Taxpayers are footing the bill for private healthcare to the tune of millions of dollars a year.
A recently published study, in the international journal Health Policy, showed patients who needed public hospital care after private inpatient treatment cost $11.5 million in the 2013/14 year.
The study is the first of its kind for New Zealand, as previously data on the private sector was not available.
Lead author Erin Penno said the study rubbished the presumption privately funded healthcare came at no cost to taxpayers.
“There has been an argument used by the private sector that it takes the burden off the public sector and, I think, people holding private insurance think that as well … but the research does show that’s not necessarily the case and there is a risk that if we increase the use of the private sector that there is potentially a flow-on effect to the public system and there’s a risk that could end up crowding out those that are less able to afford insurance.”
Just over a third of New Zealanders hold private health insurance, but Dr Penno said that proportion was growing and it was disproportionately held by those who were better off.
“They tend to be non-Māori, non-Pacific and in less deprived groups,” she said.
“There is a risk that it [growth of the private sector] would end up disadvantaging those who don’t traditionally hold insurance.
“There is an equity argument there that if you were to increase the private sector provision that it could be to the detriment of those who are worst off in our system already.”
About 2 percent of private inpatients were subsequently admitted to a public hospital, Dr Penno said.
“That’s the equivalent of 1800 patients moving from the private to the public health care system,” she said.
“Given the billions of dollars spent on health care in New Zealand annually, $11.5 million could be interpreted as having a minimal impact, but to put that into perspective it’s the equivalent to the average total annual costs of health care for a small town in New Zealand, or it would fund 760 hip replacements.”
Health care in New Zealand is publicly funded and provided, and available privately for those who have health insurance or can pay for it themselves.
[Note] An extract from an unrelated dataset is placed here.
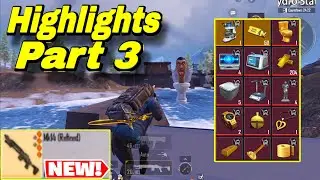 Highlights and fabled items part 3 | PUBG MOBILE METRO ROYALE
According to the health and disability system review, about 5 percent of health spending in New Zealand came from private health insurance and about 14 percent from out of pocket.
“We might expect the cost of private hospital care be borne entirely privately, but our study suggests that is not always the case. Millions of dollars of public money is being spent on providing acute follow-up care for patients who have received care privately,” Dr Penno said.
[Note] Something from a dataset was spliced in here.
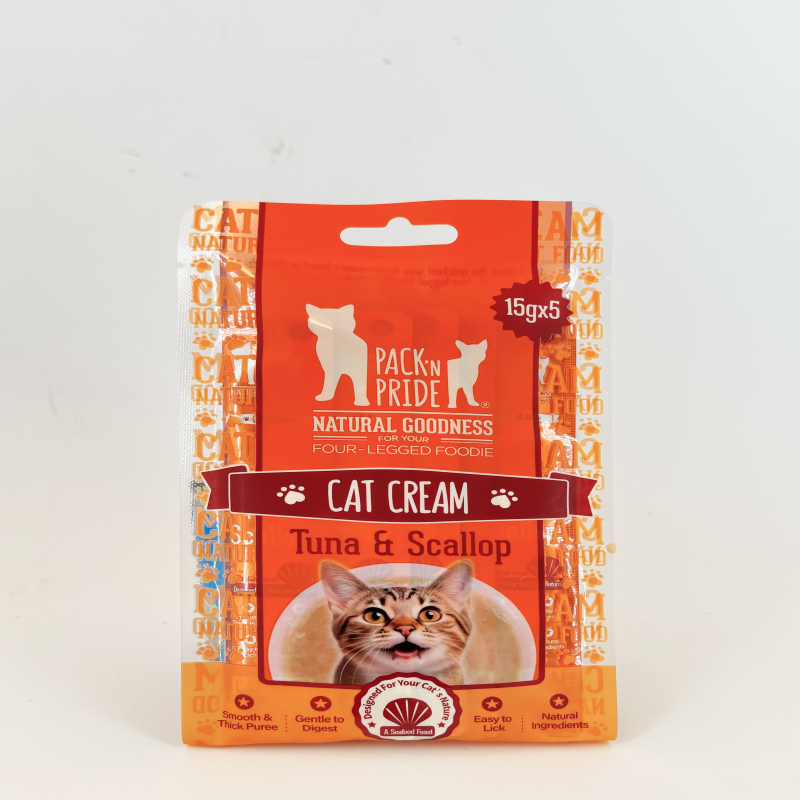 Cat Squeeze Treats Manufacturer - 33% Tuna 4% Scallop Ocean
“While we should provide health care to those who need it, our study highlights that the financial boundaries between the private and public health sectors are blurred. Our findings also suggest there is a risk that increasing use of the private sector may put more pressure on stretched public hospitals, crowding out those less able to afford private care and, in effect, increasing existing inequities in access and outcomes of care.”
The most common reason for patients seeking public health care after a private healthcare treatment was after elective procedures such as hip or knee replacements, for haemorrhage, infection, and disorders of the circulatory and digestive system.
It was important to acknowledge some readmissions were unavoidable, but international evidence suggested up to a third were preventable, Dr Penno said.